§ **WHAT IS NEEDED**
Copy out the records in full, word for word, without pictures.

Collected data:
◇ ◇ ◇

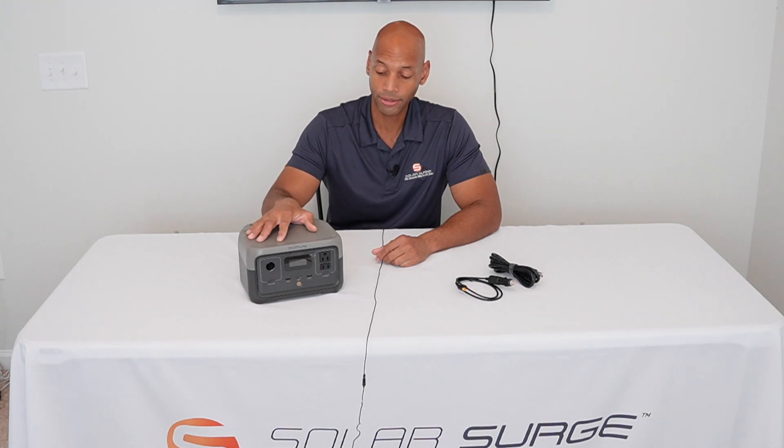More recently, portable solar generators have come online that integrate all three of those functions in a smaller, more portable form factor. The main application is going to be powering your portable electronics — for recreational purposes like hunting or camping, or for emergency backup purposes for your home. Today we're looking specifically at the EcoFlow River 2, which is the starter model on the portable generator line.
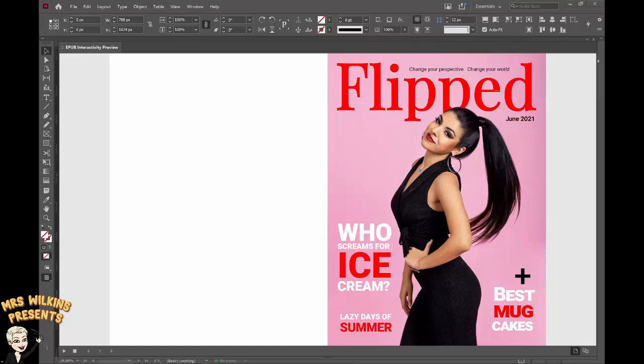In this tutorial we're going to learn how to create a cover for our digital magazine. This is part two.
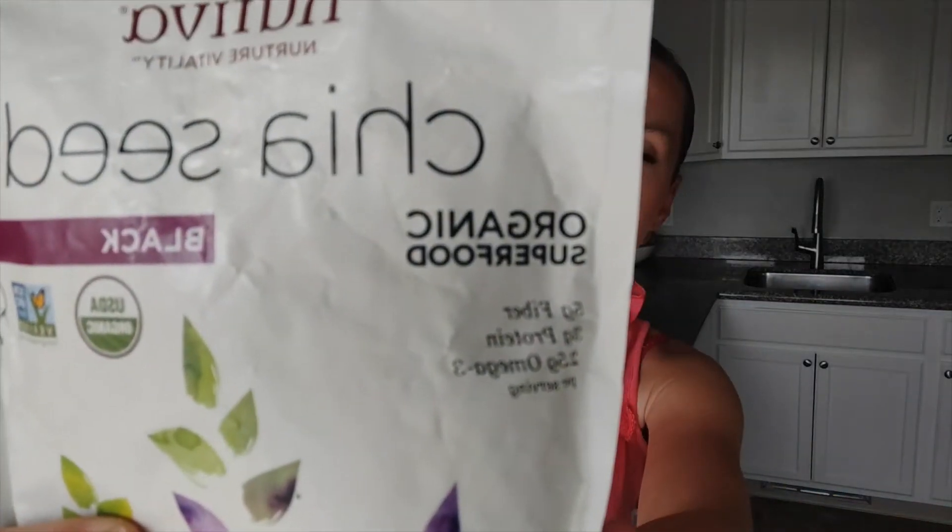I am using this kind of chia seeds — by the way, this is not a sponsored video, this is just the brand I like to use. According to the package, one tablespoon of chia seeds or 12 grams contains 6% of the daily recommended intake of iron, 8% of calcium, 10% of magnesium, and 5 grams of fiber.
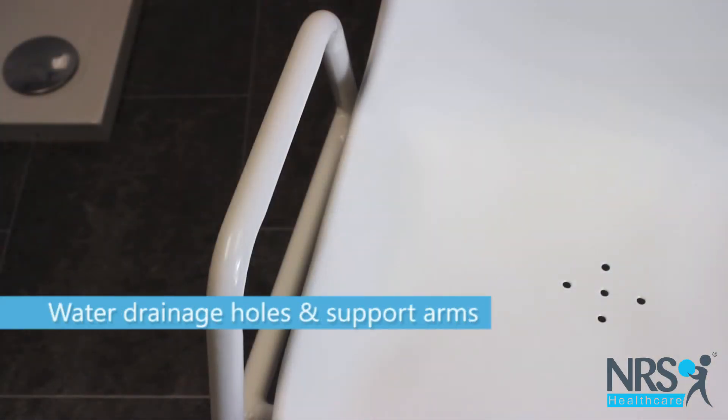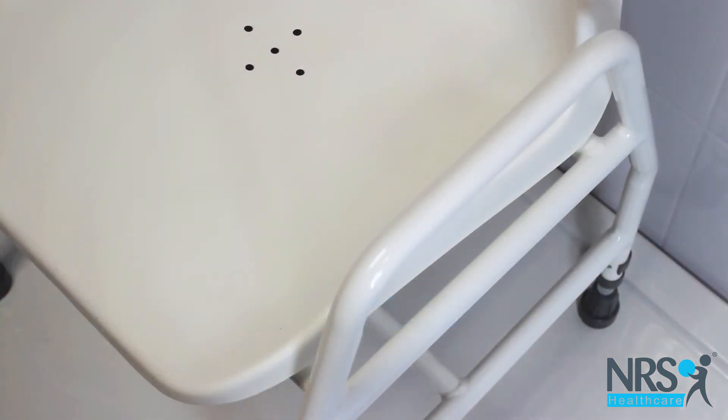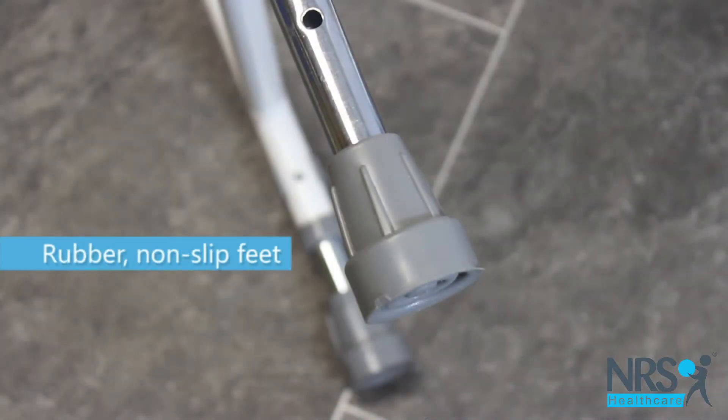The seat features small holes to allow water to drain and arms to support you when standing and sitting. The feet are made from non-slip rubber for safety.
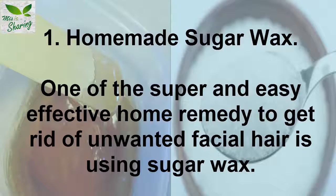1. Homemade Sugar Wax. One of the super and easy effective home remedies to get rid of unwanted facial hair is using sugar wax.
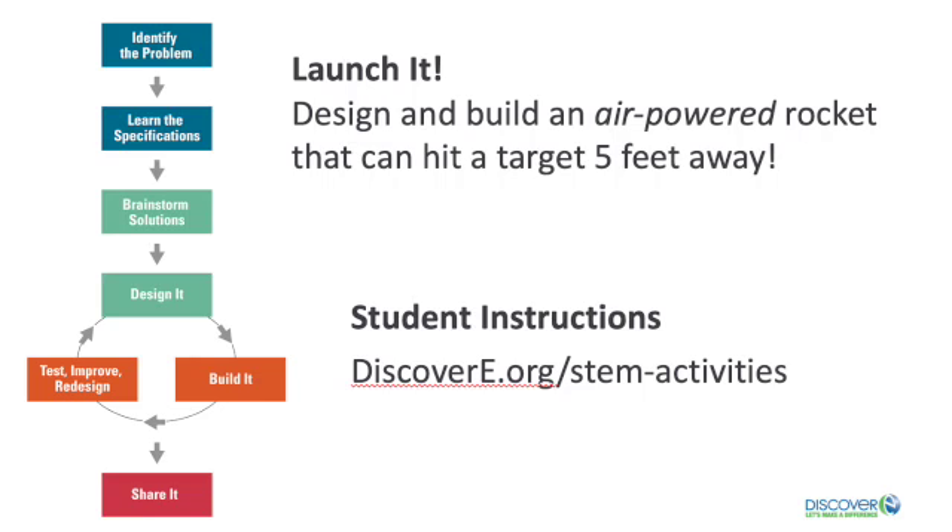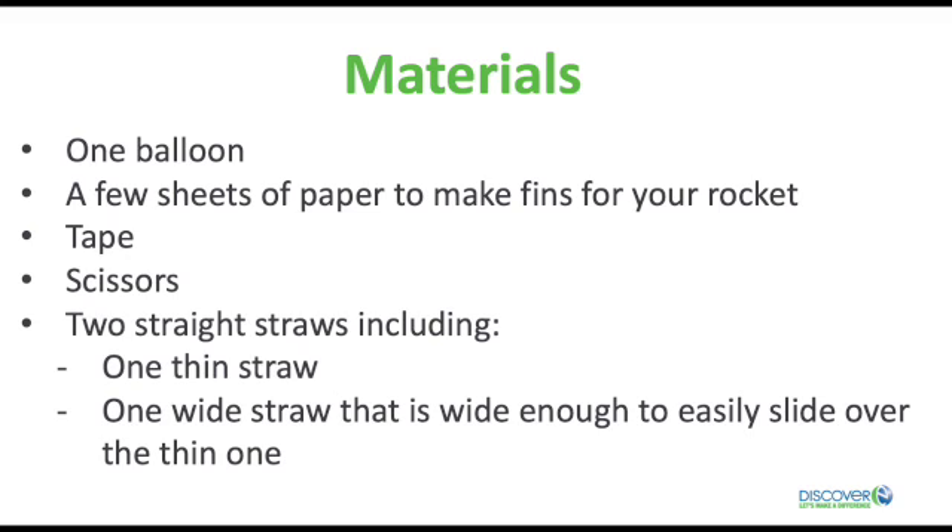You can find the written instructions for this activity at discovery.org. Here are the materials you need: one balloon, a few sheets of paper to make fins for your rocket, tape, scissors, and two straight straws — including one thin straw and one wide straw that is wide enough to easily slide over the thin one. A straw for milkshakes or other large drinks works well.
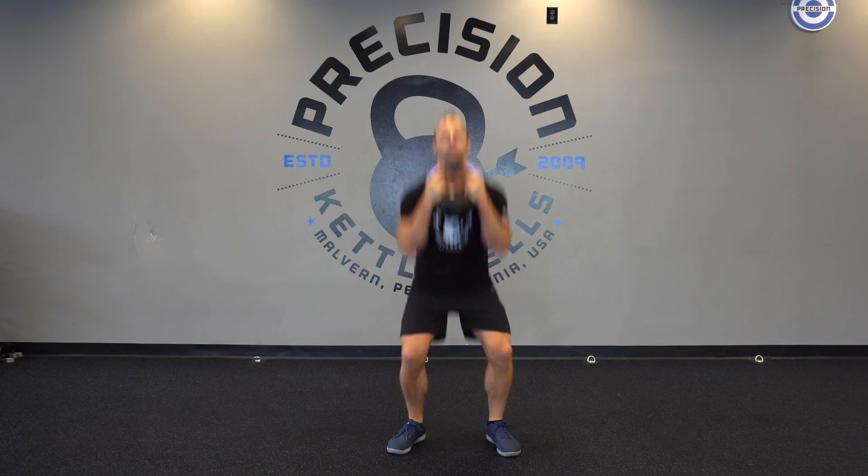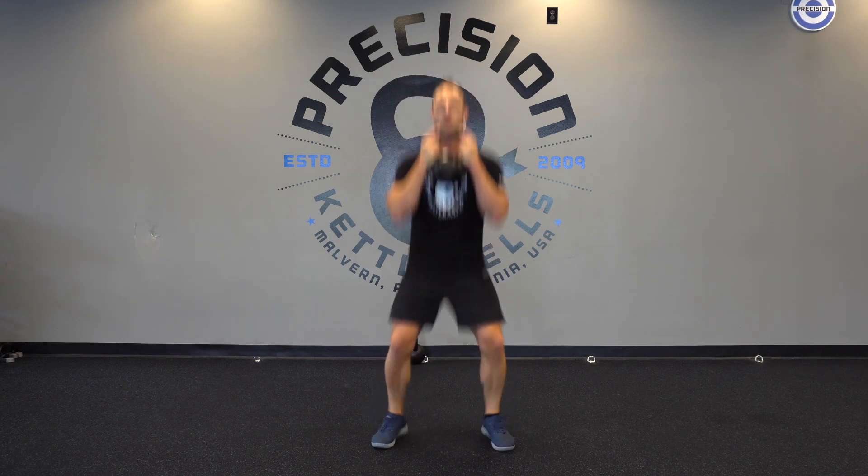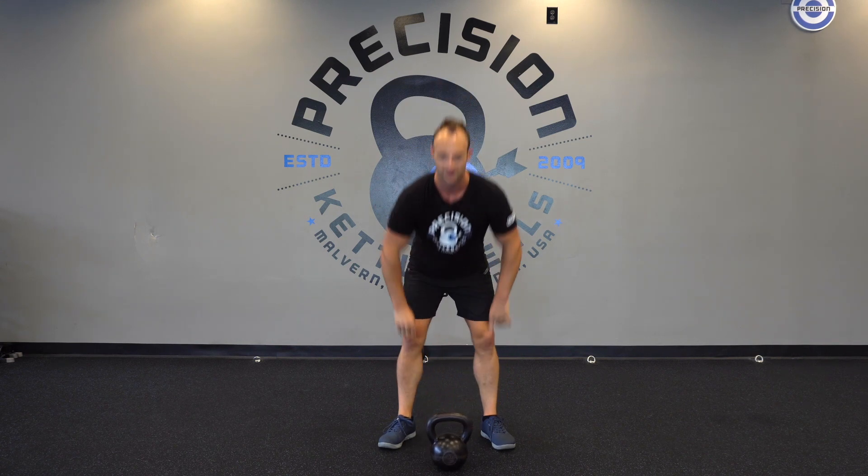Jump up, lower yourself down, jump up, lower yourself down, and jump up out of it. Obviously, this is for people who don't have any injuries.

◇ ◇ ◇

§ **OUTPUT FOR THIS EXERCISE**
More recently, portable solar generators have come online that integrate all three of those functions in a smaller, more portable form factor. The main application is going to be powering your portable electronics — for recreational purposes like hunting or camping, or for emergency backup purposes for your home. Today we're looking specifically at the EcoFlow River 2, which is the starter model on the portable generator line.
In this tutorial we're going to learn how to create a cover for our digital magazine. This is part two.
I am using this kind of chia seeds — by the way, this is not a sponsored video, this is just the brand I like to use. According to the package, one tablespoon of chia seeds or 12 grams contains 6% of the daily recommended intake of iron, 8% of calcium, 10% of magnesium, and 5 grams of fiber.
The seat features small holes to allow water to drain and arms to support you when standing and sitting. The feet are made from non-slip rubber for safety.
1. Homemade Sugar Wax. One of the super and easy effective home remedies to get rid of unwanted facial hair is using sugar wax.
You can find the written instructions for this activity at discovery.org. Here are the materials you need: one balloon, a few sheets of paper to make fins for your rocket, tape, scissors, and two straight straws — including one thin straw and one wide straw that is wide enough to easily slide over the thin one. A straw for milkshakes or other large drinks works well.
Jump up, lower yourself down, jump up, lower yourself down, and jump up out of it. Obviously, this is for people who don't have any injuries.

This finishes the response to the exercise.